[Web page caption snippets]

----

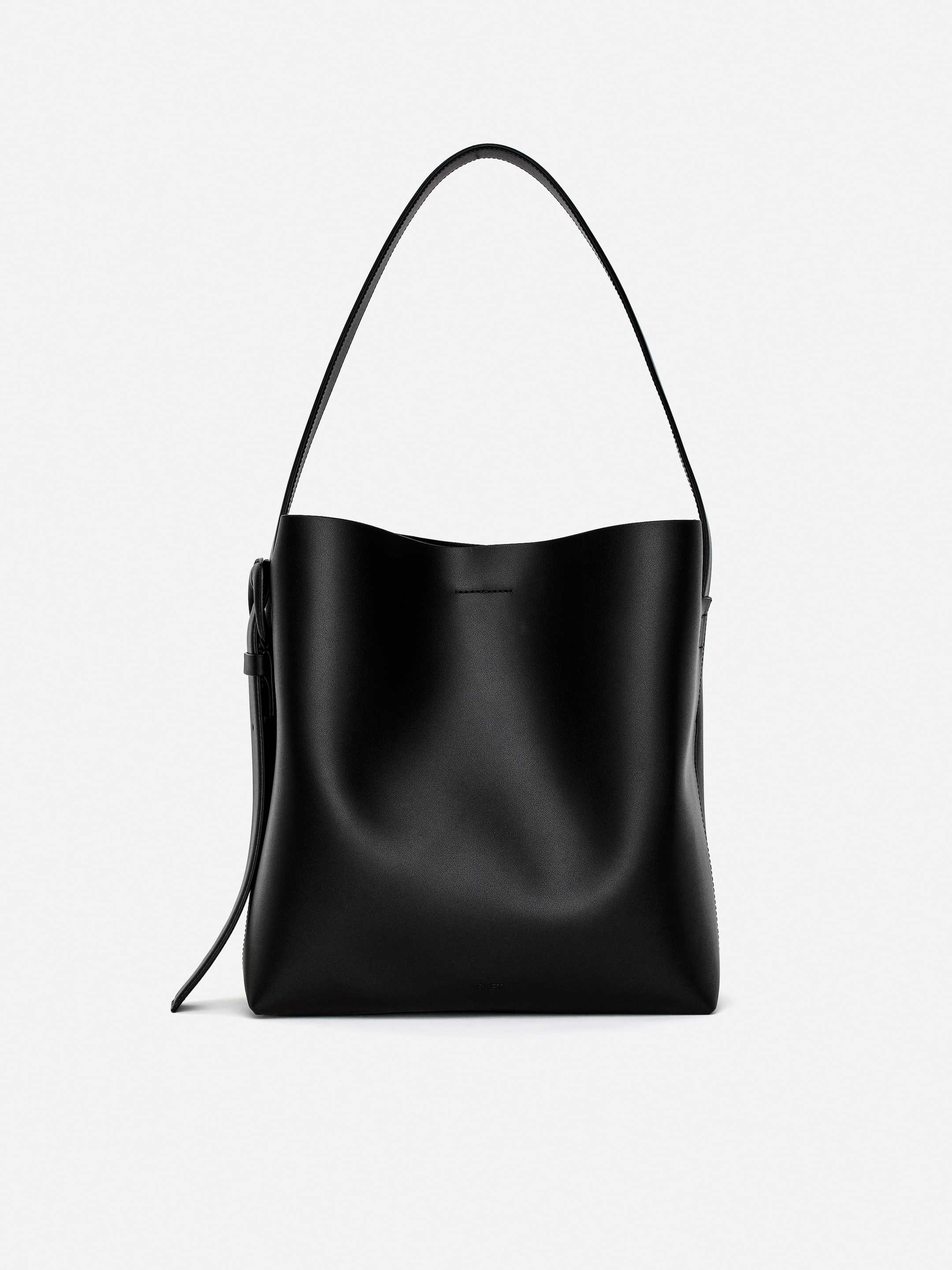 Vis større bilde: En svart tote bag viser frem sin front, med en strukturert, semi-rigid form og en glatt, matt finish. Dens romslige design er tydelig, og en bred skulderrem buer seg over vesken.
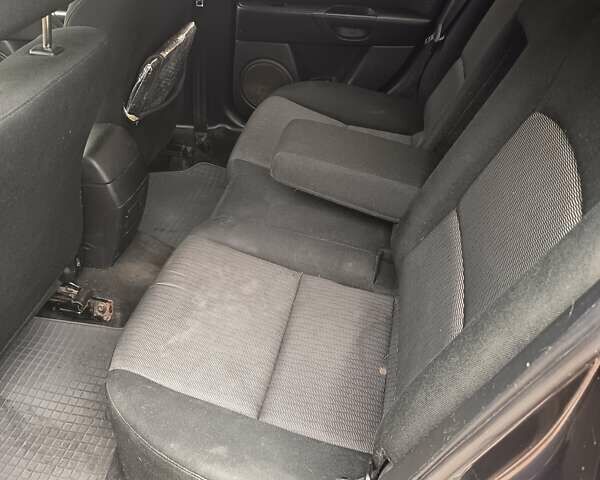 Серый Мазда 3, объемом двигателя 1.6 л и пробегом 196 тыс. км за 6000 $, фото 6 на Automoto.ua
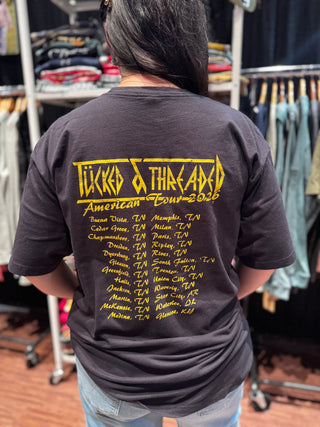 Person wearing a black t-shirt with yellow text in a clothing store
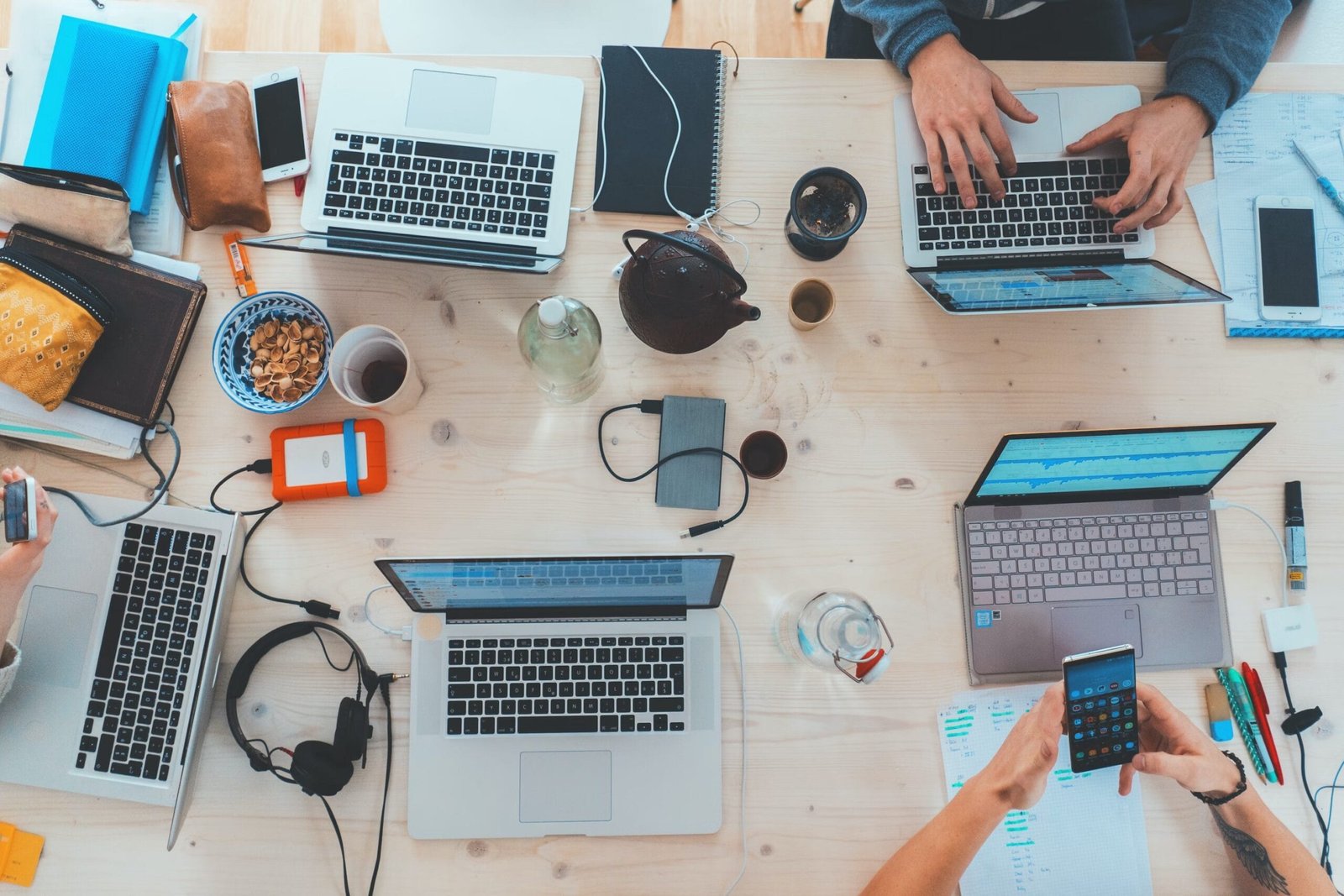 table with computers and work equipment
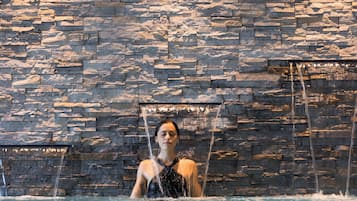 A woman in a pool with water jets against a stone wall.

----

== WHAT YOU NEED TO DO ==
Exact copies of all the entries, without any pictures, are what the answer must contain.

== WRITTEN RESPONSE ==
 Vis større bilde: En svart tote bag viser frem sin front, med en strukturert, semi-rigid form og en glatt, matt finish. Dens romslige design er tydelig, og en bred skulderrem buer seg over vesken.
 Серый Мазда 3, объемом двигателя 1.6 л и пробегом 196 тыс. км за 6000 $, фото 6 на Automoto.ua
 Person wearing a black t-shirt with yellow text in a clothing store
 table with computers and work equipment
 A woman in a pool with water jets against a stone wall.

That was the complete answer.